WORK INSTRUCTION: In the copy you make, keep each entry exactly as it is and leave out all images.

MATERIAL SUPPLIED:
# # #
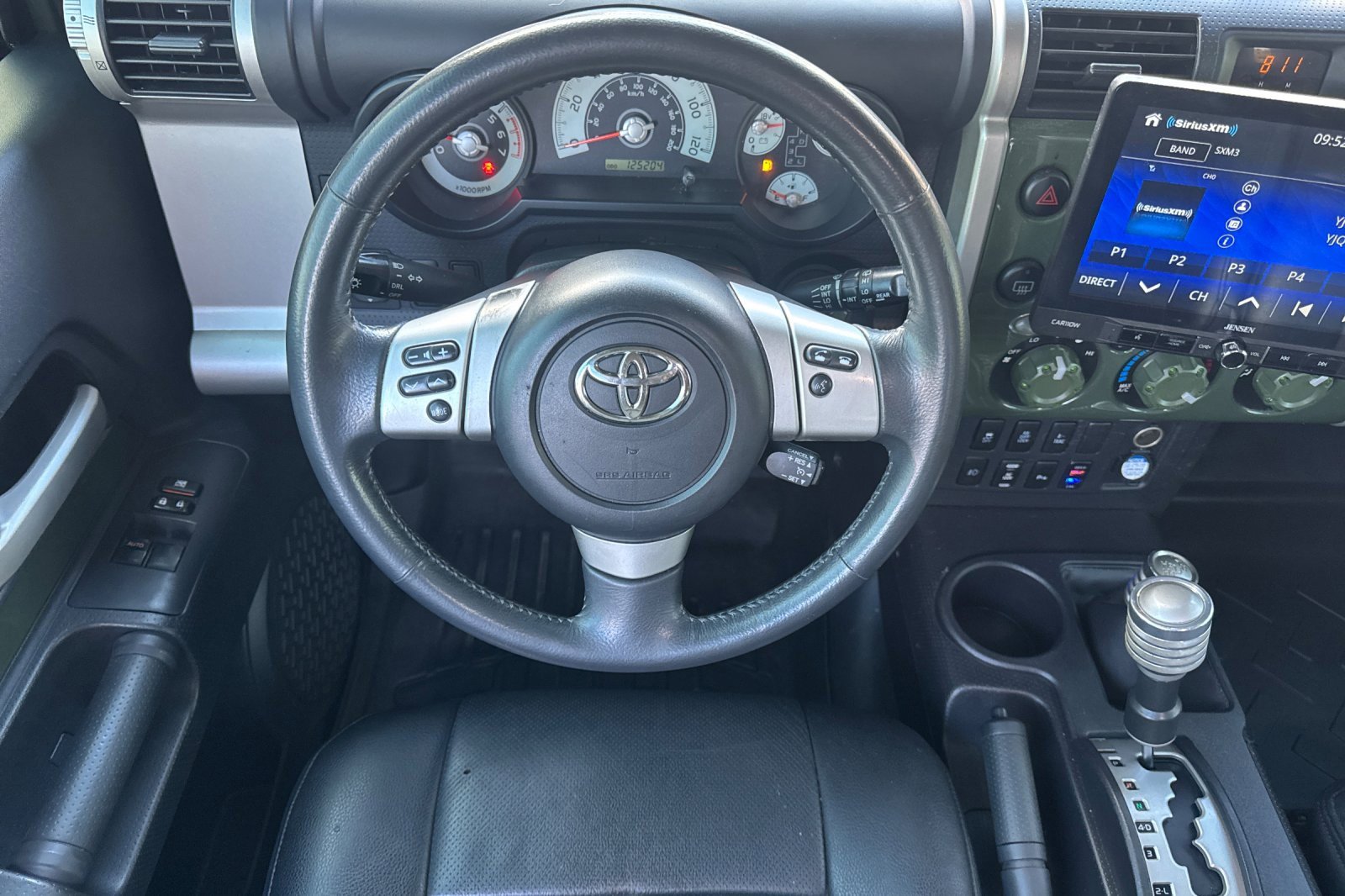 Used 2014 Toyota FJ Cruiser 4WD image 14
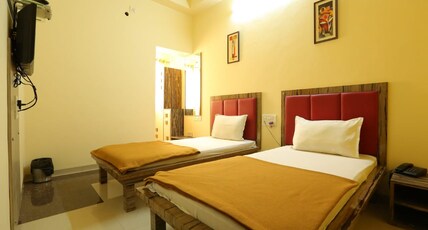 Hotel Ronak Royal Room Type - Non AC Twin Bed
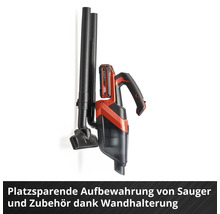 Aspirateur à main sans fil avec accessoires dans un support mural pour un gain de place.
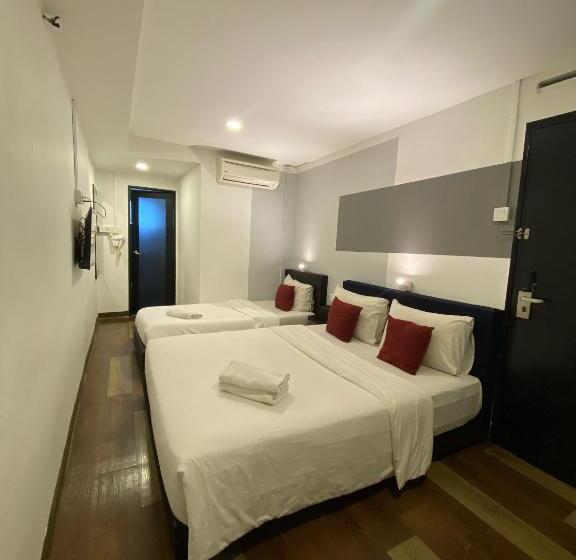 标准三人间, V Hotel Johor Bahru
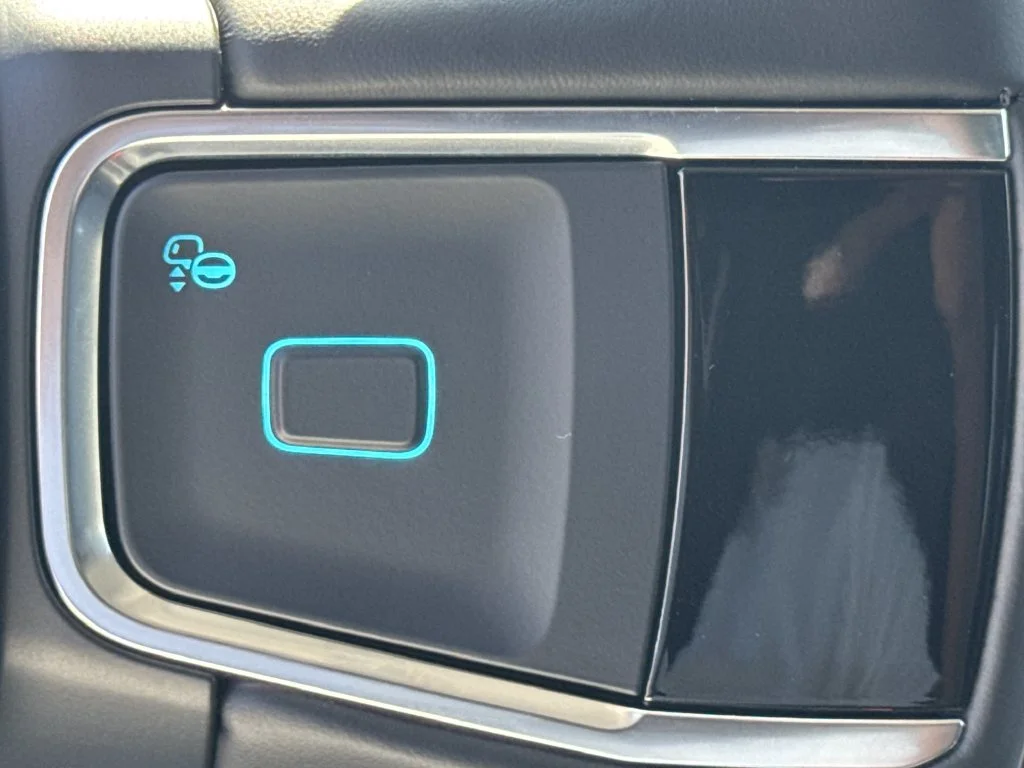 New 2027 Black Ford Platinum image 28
# # #
EXERCISE RESPONSE:
 Used 2014 Toyota FJ Cruiser 4WD image 14
 Hotel Ronak Royal Room Type - Non AC Twin Bed
 Aspirateur à main sans fil avec accessoires dans un support mural pour un gain de place.
 标准三人间, V Hotel Johor Bahru
 New 2027 Black Ford Platinum image 28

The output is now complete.